The signage of the Singapore Stock Exchange is seen in the Central Business District of Singapore on Thursday. (EPA photo)

Southeast Asian markets ended in negative territory on Thursday, with Singapore leading the pack as the city-state’s central bank cautioned about the global economic growth, signalling a reluctance to tighten policy anytime soon.

The Monetary Authority of Singapore held policy steady, saying a “neutral” stance will be needed for an extended period in order to support an economy that contracted in the first quarter.

Singapore’s trade-reliant economy shrank 1.9% in the first quarter from the previous three months on an annualised basis, weighed by contractions in manufacturing and services, preliminary data from the Ministry of Trade and Industry showed.

The central bank also said “downside risks remain, alongside significant policy uncertainty,” underscoring worries about the outlook in the face of US President Donald Trump’s protectionist threats, Brexit and geopolitical risks in the Middle East and North Korea.

Singapore’s benchmark index ended down to post its lowest close in over two weeks. Financials accounted for most of the losses, with DBS Group Holdings shedding 0.8%.

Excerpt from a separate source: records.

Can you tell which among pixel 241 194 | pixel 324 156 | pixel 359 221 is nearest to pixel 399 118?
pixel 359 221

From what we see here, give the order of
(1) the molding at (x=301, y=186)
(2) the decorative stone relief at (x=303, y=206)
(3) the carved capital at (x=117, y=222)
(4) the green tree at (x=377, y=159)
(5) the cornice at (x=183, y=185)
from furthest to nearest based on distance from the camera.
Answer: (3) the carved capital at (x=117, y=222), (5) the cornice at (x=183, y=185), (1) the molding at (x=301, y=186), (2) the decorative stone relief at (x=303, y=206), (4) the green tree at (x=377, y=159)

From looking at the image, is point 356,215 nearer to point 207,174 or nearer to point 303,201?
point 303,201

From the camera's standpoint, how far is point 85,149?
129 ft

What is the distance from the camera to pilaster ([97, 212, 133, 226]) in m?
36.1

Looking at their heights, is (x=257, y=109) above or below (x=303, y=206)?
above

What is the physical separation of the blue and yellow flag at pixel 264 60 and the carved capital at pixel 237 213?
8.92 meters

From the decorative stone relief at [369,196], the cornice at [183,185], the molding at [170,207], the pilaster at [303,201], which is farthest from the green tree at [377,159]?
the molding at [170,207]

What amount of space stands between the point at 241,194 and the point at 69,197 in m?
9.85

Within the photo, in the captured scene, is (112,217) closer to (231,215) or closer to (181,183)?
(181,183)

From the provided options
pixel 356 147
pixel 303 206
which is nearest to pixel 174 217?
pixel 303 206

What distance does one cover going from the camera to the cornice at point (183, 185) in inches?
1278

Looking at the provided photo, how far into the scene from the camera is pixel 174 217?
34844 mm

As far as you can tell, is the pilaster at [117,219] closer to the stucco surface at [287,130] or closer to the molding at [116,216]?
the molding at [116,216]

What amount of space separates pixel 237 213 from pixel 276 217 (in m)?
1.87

Global markets remained under pressure with escalating fears of a new weapon test by North Korea, as a US carrier group sails towards the area, and after Trump said the dollar “was getting too strong,” and he would like to see interest rates stay low.

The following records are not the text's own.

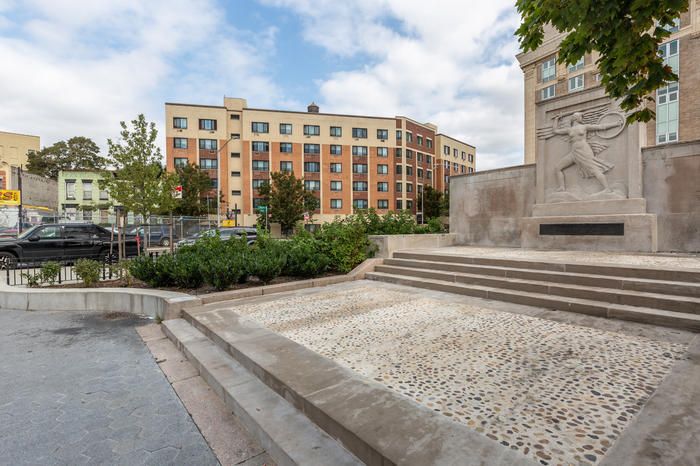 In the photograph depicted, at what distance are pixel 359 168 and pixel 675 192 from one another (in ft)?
166

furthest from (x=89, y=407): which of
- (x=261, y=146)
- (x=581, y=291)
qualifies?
(x=261, y=146)

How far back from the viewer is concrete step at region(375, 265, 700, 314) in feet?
17.7

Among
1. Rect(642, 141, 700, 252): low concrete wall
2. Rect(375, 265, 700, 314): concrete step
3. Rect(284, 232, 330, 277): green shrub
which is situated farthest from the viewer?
Rect(642, 141, 700, 252): low concrete wall

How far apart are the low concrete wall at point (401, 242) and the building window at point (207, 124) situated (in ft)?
160

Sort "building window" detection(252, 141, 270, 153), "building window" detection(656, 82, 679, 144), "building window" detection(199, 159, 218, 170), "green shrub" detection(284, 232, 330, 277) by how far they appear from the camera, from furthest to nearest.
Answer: "building window" detection(252, 141, 270, 153), "building window" detection(199, 159, 218, 170), "building window" detection(656, 82, 679, 144), "green shrub" detection(284, 232, 330, 277)

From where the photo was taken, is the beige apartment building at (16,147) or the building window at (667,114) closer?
the building window at (667,114)

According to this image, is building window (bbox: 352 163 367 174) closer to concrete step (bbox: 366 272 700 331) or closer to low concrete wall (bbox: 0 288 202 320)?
concrete step (bbox: 366 272 700 331)

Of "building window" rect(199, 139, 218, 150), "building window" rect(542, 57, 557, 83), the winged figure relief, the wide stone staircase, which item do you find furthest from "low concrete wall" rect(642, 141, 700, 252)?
"building window" rect(199, 139, 218, 150)

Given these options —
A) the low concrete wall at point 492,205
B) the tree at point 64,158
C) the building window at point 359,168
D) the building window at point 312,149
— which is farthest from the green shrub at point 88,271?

Escalating geopolitical tensions will keep investors side-lined dampening sentiment in broader markets, said Taye Shim, head of research at Mirae Asset Sekuritas in Jakarta.

“Likely, we are going to see a little bit of volatility in terms of how things unfold.”

Indonesia finished 0.5% lower to its steepest close since April 3, with financials being the biggest drag on the index. Bank Central Asia Tbk Pt fell 1.7%.

Indonesia’s import growth probably softened in March, while the growth pace of exports accelerated slightly, a Reuters poll showed.

The poll sees Indonesia’s trade surplus narrowing slightly in March to US$1.20 billion, from February’s $1.31 billion surplus.

Index of the country’s 45 most liquid stocks fell 0.8%.

The market in the Philippines was closed for a public holiday.